╭─ DATASET
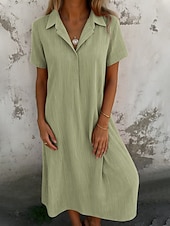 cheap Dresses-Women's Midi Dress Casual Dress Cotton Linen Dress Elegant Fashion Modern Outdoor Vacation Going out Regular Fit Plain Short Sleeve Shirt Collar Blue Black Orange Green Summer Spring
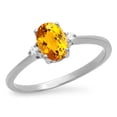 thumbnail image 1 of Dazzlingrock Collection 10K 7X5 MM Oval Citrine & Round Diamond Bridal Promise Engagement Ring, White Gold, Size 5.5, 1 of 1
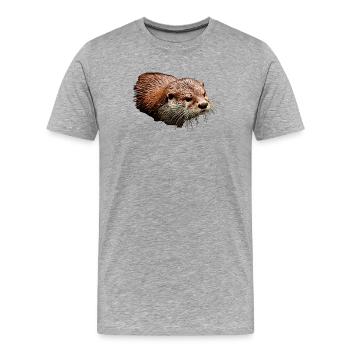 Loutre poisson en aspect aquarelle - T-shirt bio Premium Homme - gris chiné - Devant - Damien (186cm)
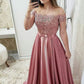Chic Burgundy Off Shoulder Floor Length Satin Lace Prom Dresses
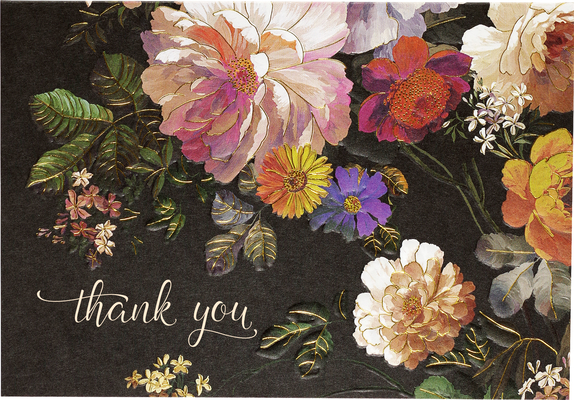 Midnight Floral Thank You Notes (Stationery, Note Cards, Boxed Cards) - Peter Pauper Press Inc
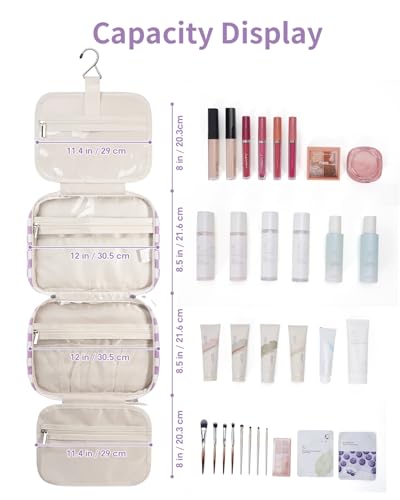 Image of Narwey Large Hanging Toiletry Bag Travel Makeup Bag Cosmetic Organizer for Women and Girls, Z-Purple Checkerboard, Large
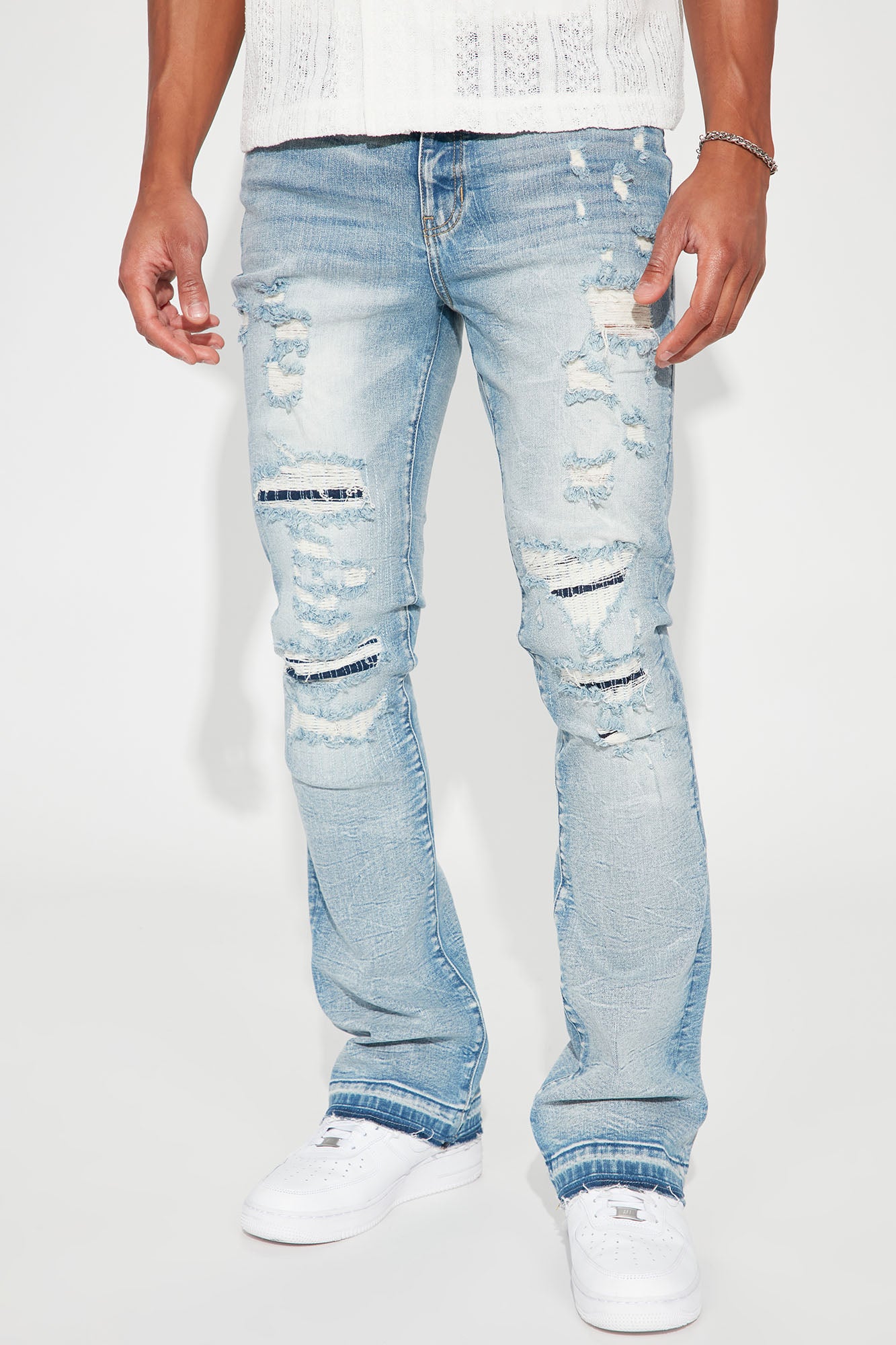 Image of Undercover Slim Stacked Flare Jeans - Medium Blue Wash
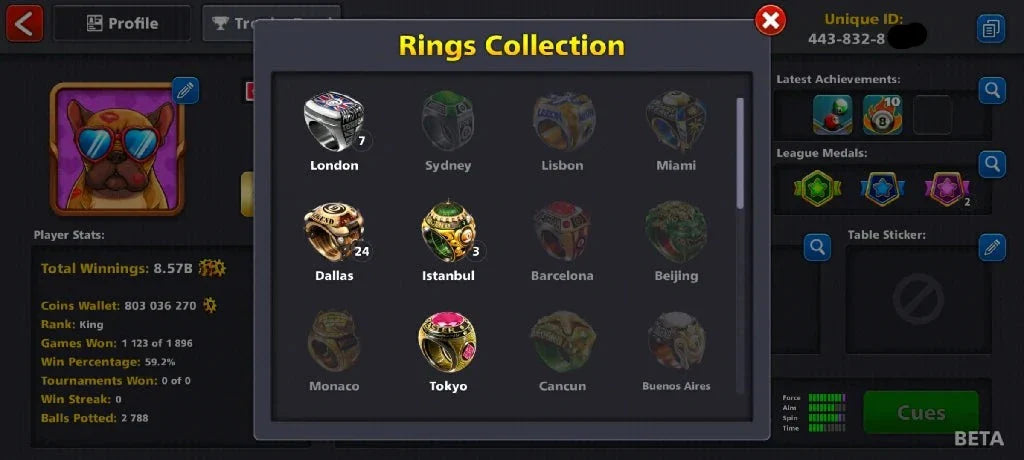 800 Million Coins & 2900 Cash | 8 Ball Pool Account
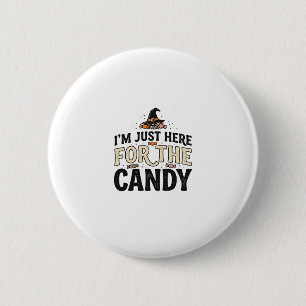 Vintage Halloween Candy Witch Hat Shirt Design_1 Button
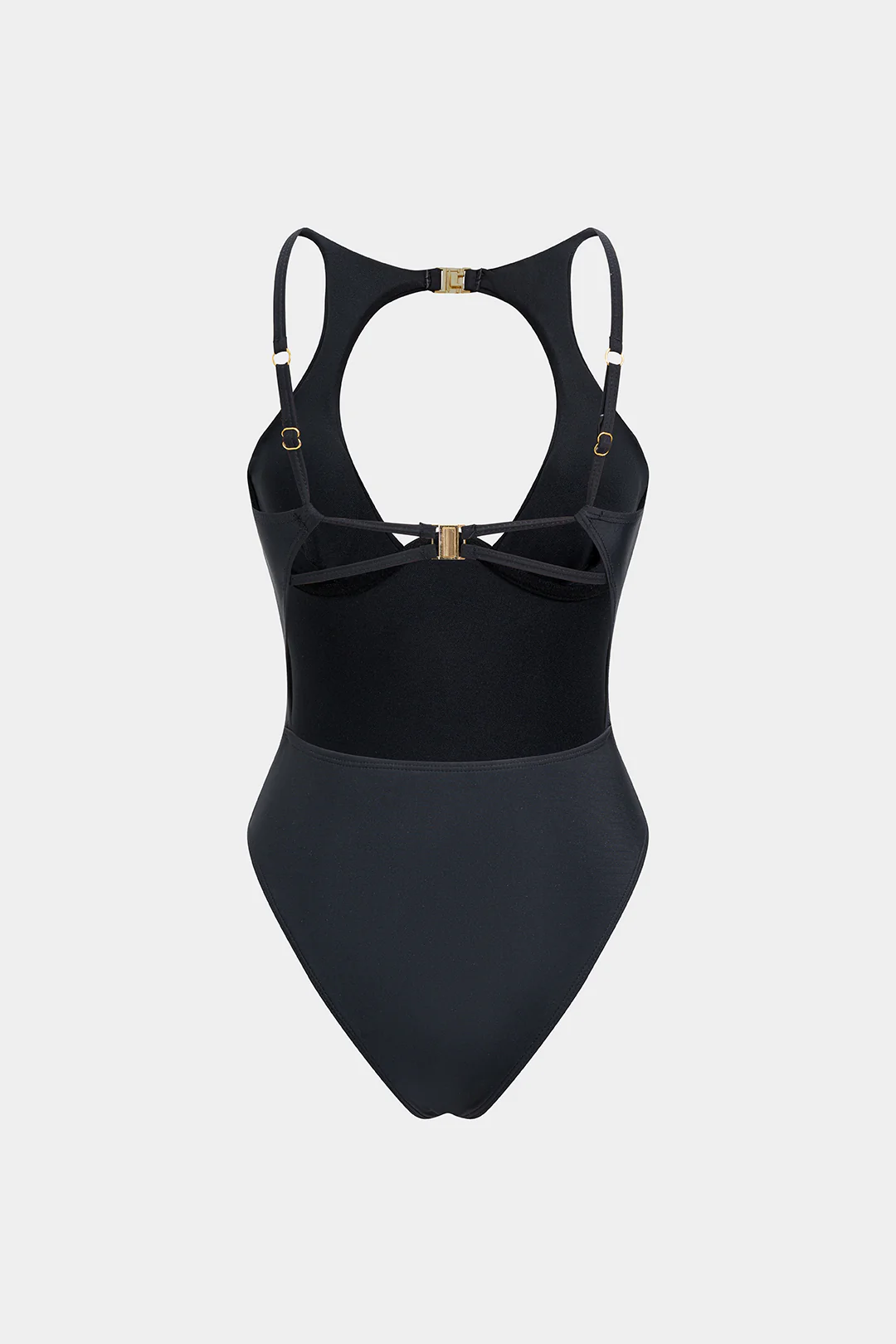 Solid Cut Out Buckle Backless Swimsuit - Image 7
╰─
:: TASK DETAILS ::
The answer should be the records above, unchanged, with the pictures omitted.

:: ANSWER ::
 cheap Dresses-Women's Midi Dress Casual Dress Cotton Linen Dress Elegant Fashion Modern Outdoor Vacation Going out Regular Fit Plain Short Sleeve Shirt Collar Blue Black Orange Green Summer Spring
 thumbnail image 1 of Dazzlingrock Collection 10K 7X5 MM Oval Citrine & Round Diamond Bridal Promise Engagement Ring, White Gold, Size 5.5, 1 of 1
 Loutre poisson en aspect aquarelle - T-shirt bio Premium Homme - gris chiné - Devant - Damien (186cm)
Chic Burgundy Off Shoulder Floor Length Satin Lace Prom Dresses
 Midnight Floral Thank You Notes (Stationery, Note Cards, Boxed Cards) - Peter Pauper Press Inc
 Image of Narwey Large Hanging Toiletry Bag Travel Makeup Bag Cosmetic Organizer for Women and Girls, Z-Purple Checkerboard, Large
 Image of Undercover Slim Stacked Flare Jeans - Medium Blue Wash
 800 Million Coins & 2900 Cash | 8 Ball Pool Account
 Vintage Halloween Candy Witch Hat Shirt Design_1 Button
 Solid Cut Out Buckle Backless Swimsuit - Image 7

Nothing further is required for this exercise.